Sorprendentemente, la risposta che essi stessi hanno dato è un netto “Si”. Che non è il frutto una ottimistica previsione, ma che arriva al termine di uno studio articolato e serio, basato su una complessa simulazione di un’eruzione su un ipotetico pianeta roccioso simile alla Terra. Su di esso, sarebbe la presenza di grandi concentrazioni di biossido di zolfo nell’atmosfera l’inconfondibile“impronta digitale” capace di rivelarci lo sviluppo del fenomeno.
“Certo, dovrebbe accadere qualcosa di veramente sconvolgente, come un’eruzione che proietti una grande quantità di gas nell’atmosfera dell’esopianeta”,dice Lisa Kaltenegger, astronoma dello Smithsonian. “Il nuovo telescopio spaziale James Webb, che verrà lanciato tra qualche anno, sarà in grado di individuare un’eruzione maggiore tra le 10 e 100 volte quella del vulcano Pinatubo che si sviluppasse in sistemi planetari ospitati dalle stelle a noi più vicine”.
Per avere un termine di paragone, l’eruzione del vulcano Pinatubo sulle isole Filippine, avvenuta nel 1991, ha immesso circa 17 milioni di tonnellate di biossido di zolfo nella stratosfera – una fascia dell’atmosfera che si estende tra 6 e 30 chilometri sopra la superficie terrestre. La più grande eruzione vulcanica nella storia, quella del vulcano Tambora nel 1815, era circa 10 volte più potente.

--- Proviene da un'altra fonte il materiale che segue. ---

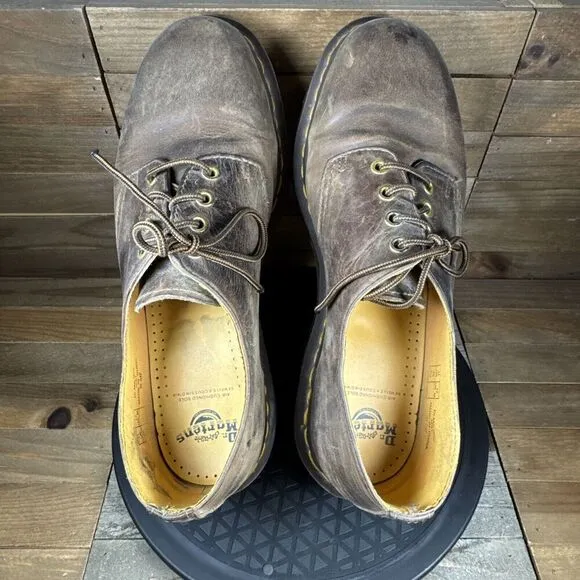 Dr. Martens 1561 The Original Oxford Shoes Mens Size 12 Brown Leather 4 Eye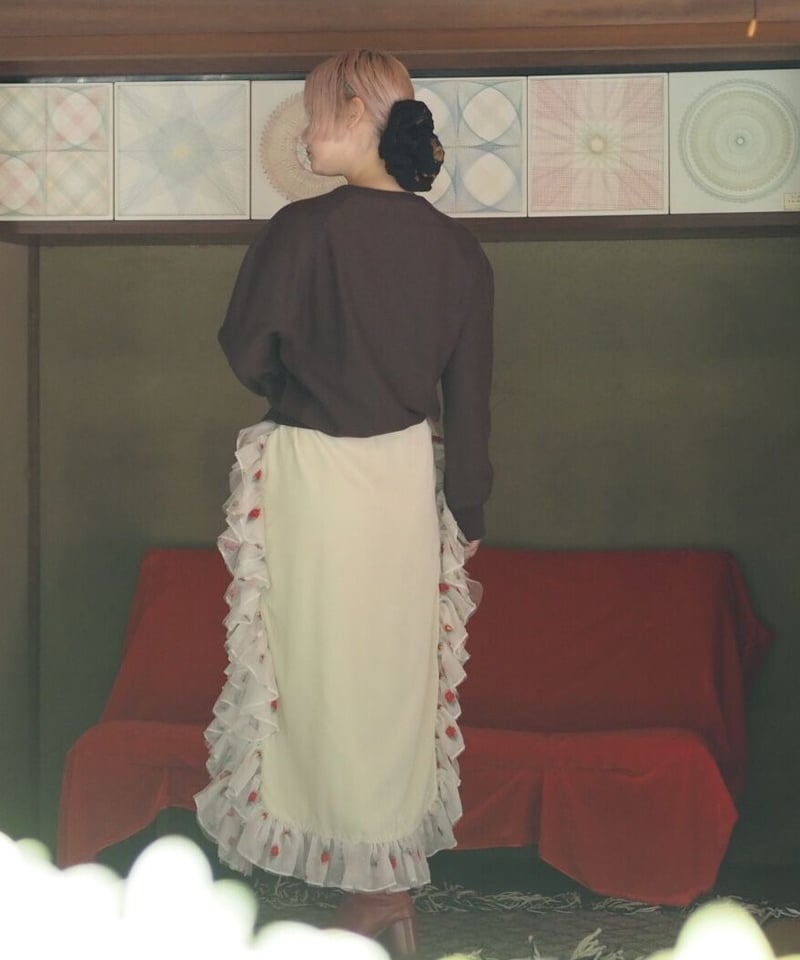 スカート siiilon FLOWER frill skirt siiilon FLOWER frill skirt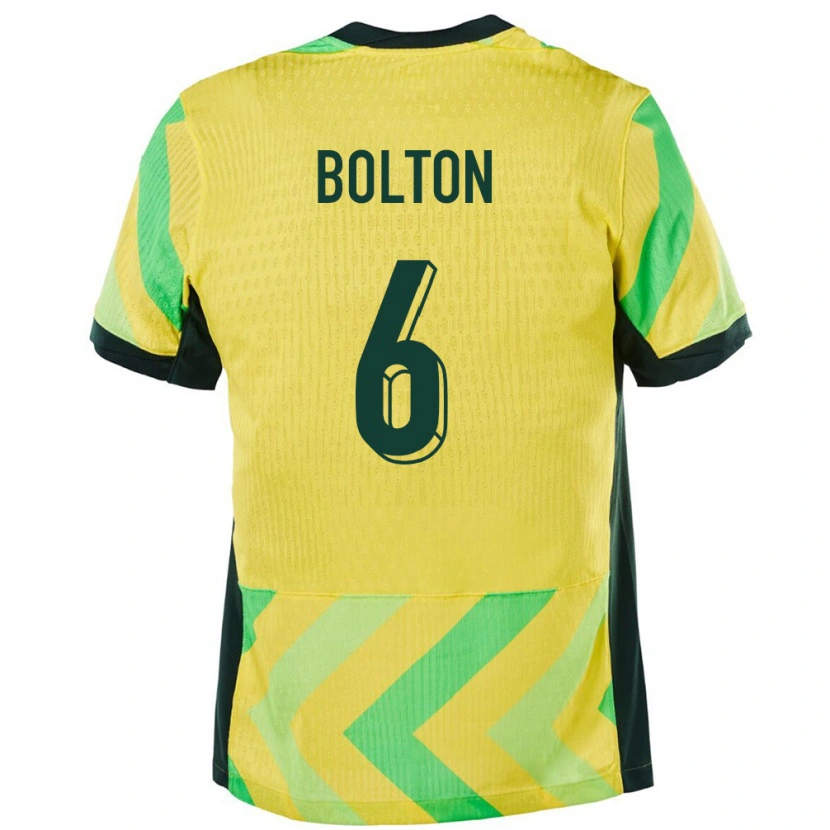 Danxen Kvinnor Australien Alex Bolton #6 Gyllene Hemmatröja Matchtröjor 24-26 Tröjor T-Tröja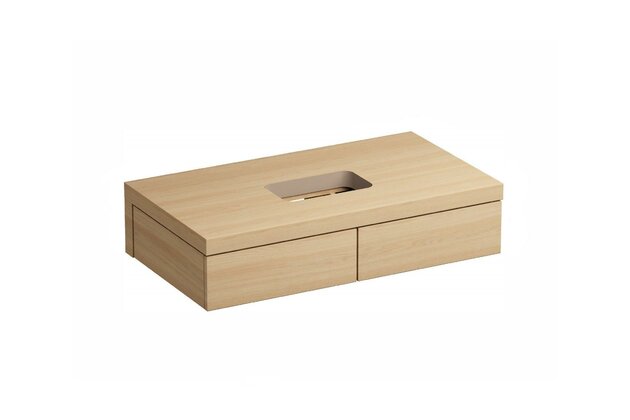 Skříňka pod umyvadlo Ravak Formy 100 dub, X000001033 Skříňka pod umyvadlo Ravak Formy 100 dub, X000001033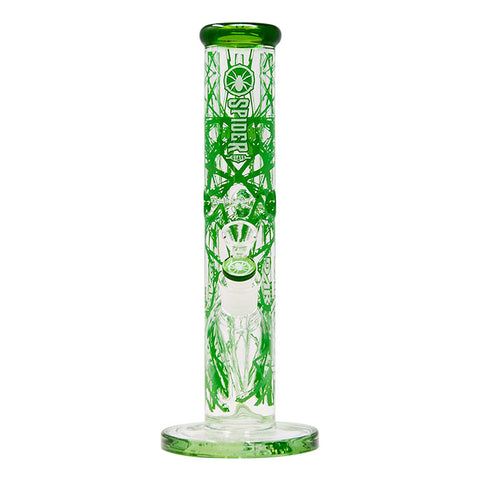 Green Darkweb Series 12 Inches Bong from the house of Spider Glass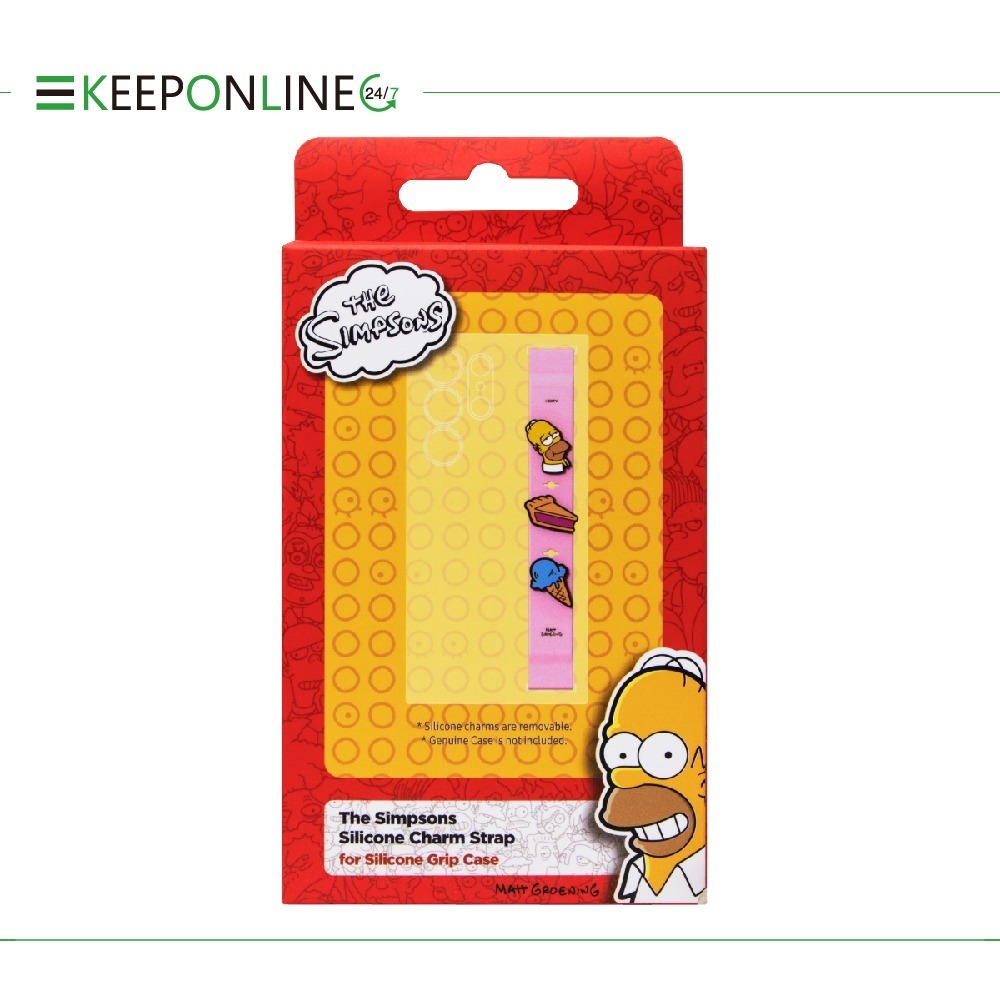 Samsung 原廠公司貨 辛普森聯名指環帶【GP-TOS911】用於 S23系列 矽膠薄型保護殼(附指環帶)-細節圖2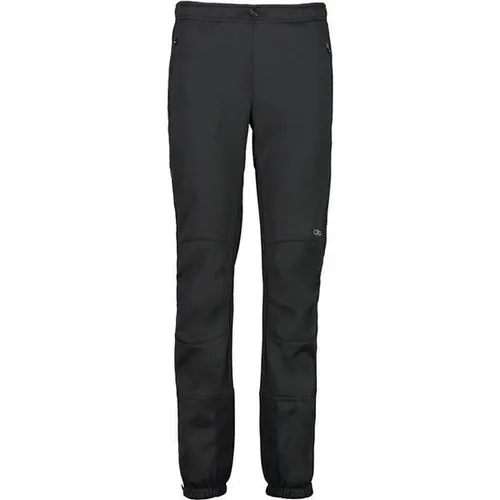 CMP Damen Hose WOMAN PANT - Outdoorhose aus Softshell mit Fleece-Innenschicht, ideal für kalte und nasse Bedingungen. Wasserabweisend und mit abriebfesten Verstärkungen für optimalen Komfort und Schutz.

Eruzioni così violente sono molto rare, e gli astronomi dovrebbero osservare in modo continuativo gli esopianeti simili alla Terra per anni, con la speranza di cogliere un simile evento proprio durante il suo svolgimento. Tuttavia, se l’attività vulcanica su questi mondi è più intensa di quanto accada sul nostro pianeta, le probabilità di successo aumentano sensibilmente.

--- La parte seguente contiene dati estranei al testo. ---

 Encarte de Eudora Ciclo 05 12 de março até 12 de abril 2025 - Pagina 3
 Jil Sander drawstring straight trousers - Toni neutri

“Un’eruzione tipo quella del Tambora non capita spesso da noi, ma potrebbe essere più comune su un pianeta più giovane, o dove ci sono forti effetti mareali, come ad esempio su Io, uno dei satelliti di Giove”, commenta Wade Henning, un altro ricercatore dello Smithsonian che ha partecipato allo studio. “Una volta individuata una eruzione su un certo pianeta, si può continuare a osservarlo, per capire con quale frequenza avvengano questi fenomeni su altri mondi.”